This is the first in a series of articles on technology as related to editing.
Whether you work in-house or freelance, chances are you'll eventually be called upon to work while on vacation or otherwise travelling. Fortunately, editing is the sort of work that can be done remotely with relative ease.
In North America, you can often rely on free WiFi at airports or hotels, but this is not always the case. In Europe, for example, there are laws restricting (in some cases banning entirely) open WiFi.
If you anticipate connectivity issues, you should look at investing in a USB mobile broadband adapter or hotspot. This is a USB device that connects to cell phone networks. It requires a data plan but will give you reliable coverage anywhere your cell phone works. All three major Canadian mobile providers sell devices (though you can buy them elsewhere) and associated data plans.
Another option in a pinch is to tether your cell phone to your laptop, allowing it to use the phone's cell connection. Call your cell provider for details and pricing. Not all plans include tethering, and a dedicated data stick may be cheaper or faster.
Regardless of how you connect (but especially when on strange WiFi networks), it's vital that you protect yourself from prying eyes. Even if you're connecting to websites securely (HTTPS), the owners of the hotspot could still see your traffic. What you need is a virtual private network, or VPN. This is a service you purchase through which you shuttle all your internet traffic. Your traffic gets encrypted on your device before it's ever sent over the network, so malicious network providers see nothing.
To be clear, the VPN provider is now in a position to snoop. But this is a business relationship that's within your control. You can shop around and research to find a provider you can trust. And you only need to pay for the time you're away from your office. (There's something to be said for using a VPN everywhere, but that's a different discussion.)

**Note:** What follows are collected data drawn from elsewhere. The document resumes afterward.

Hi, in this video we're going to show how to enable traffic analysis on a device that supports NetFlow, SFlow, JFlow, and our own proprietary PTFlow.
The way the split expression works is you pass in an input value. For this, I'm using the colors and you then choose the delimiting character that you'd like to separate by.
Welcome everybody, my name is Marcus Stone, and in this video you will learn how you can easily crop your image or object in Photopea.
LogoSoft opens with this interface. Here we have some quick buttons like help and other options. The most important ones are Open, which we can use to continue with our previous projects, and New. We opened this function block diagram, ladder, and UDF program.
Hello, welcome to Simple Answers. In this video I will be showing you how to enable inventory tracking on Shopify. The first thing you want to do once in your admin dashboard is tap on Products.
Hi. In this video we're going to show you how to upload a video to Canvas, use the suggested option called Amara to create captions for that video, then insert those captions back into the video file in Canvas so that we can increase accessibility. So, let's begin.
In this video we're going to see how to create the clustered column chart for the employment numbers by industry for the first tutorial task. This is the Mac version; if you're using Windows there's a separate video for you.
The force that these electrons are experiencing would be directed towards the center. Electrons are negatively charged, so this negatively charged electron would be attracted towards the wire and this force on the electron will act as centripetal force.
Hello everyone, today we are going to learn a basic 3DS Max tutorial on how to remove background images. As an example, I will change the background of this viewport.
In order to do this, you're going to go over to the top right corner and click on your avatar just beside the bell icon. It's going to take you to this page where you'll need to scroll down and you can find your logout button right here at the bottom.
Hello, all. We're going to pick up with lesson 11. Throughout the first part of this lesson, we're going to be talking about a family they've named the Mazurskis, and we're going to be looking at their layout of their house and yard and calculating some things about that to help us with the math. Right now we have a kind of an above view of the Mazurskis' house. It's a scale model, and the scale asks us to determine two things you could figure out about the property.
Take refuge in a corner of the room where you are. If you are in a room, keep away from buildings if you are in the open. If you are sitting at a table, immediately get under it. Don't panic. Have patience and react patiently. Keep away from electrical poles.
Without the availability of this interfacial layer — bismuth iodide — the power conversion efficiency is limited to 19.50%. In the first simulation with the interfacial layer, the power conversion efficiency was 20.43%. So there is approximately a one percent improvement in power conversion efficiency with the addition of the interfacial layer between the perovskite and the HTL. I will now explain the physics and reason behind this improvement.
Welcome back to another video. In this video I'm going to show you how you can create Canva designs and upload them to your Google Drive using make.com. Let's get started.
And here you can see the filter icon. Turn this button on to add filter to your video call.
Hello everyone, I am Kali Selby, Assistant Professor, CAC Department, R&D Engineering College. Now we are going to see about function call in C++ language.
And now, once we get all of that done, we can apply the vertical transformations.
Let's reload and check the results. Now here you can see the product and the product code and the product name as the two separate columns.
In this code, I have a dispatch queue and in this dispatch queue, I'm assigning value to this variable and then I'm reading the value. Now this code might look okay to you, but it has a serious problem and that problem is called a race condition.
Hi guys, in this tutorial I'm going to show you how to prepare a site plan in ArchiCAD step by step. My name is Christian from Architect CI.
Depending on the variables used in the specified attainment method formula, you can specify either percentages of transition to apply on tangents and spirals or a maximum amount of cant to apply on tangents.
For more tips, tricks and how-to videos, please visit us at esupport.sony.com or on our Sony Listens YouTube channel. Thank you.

Finally, there's the issue of accessing your work documents outside of your office environment.
The simplest way is via a remote desktop app of some kind. These let you connect from your laptop directly to your home computer and either work as if you were at that machine or at least give you access to your files. The problem, of course, is that if you can connect, so can anyone else. Whatever the software you use, be sure to follow all security best practices it suggests.
A more secure alternative is to use some sort of cloud storage to backup your working documents (like Dropbox, Google Drive, or Microsoft OneDrive). These are generally accessible from anywhere (though countries like China may block whole services). And while such services have a broader attack surface than your personal computer, they have much more expertise in security than we do. Make sure that your cloud provider offers two-factor authentication (and that you enable it!), and don't forget that you can encrypt your data (there are a number of free tools to do this) before uploading to the cloud if you're really worried.
Reasonable minds disagree about the sufficiency of cloud services under Canadian privacy laws. You should seek legal advice if you are concerned. And here are a couple of articles that may interest you:
- Canadian Bar Association, "Cloud Storage: The Nitty, Gritty Details" (February 27, 2017)
- Office of the Privacy Commissioner of Canada, "PIPEDA compliance help" (January 8, 2018)
Finally, you can carry your files on some sort of removable media (portable hard drive or thumb drive). I feel this is safer than storing the files directly on the laptop, which is the most likely target for thieves. But you must be extra vigilant. Keep your portable drive in a separate location from the laptop itself, and you absolutely must encrypt your files so they are not exposed if you lose the drive.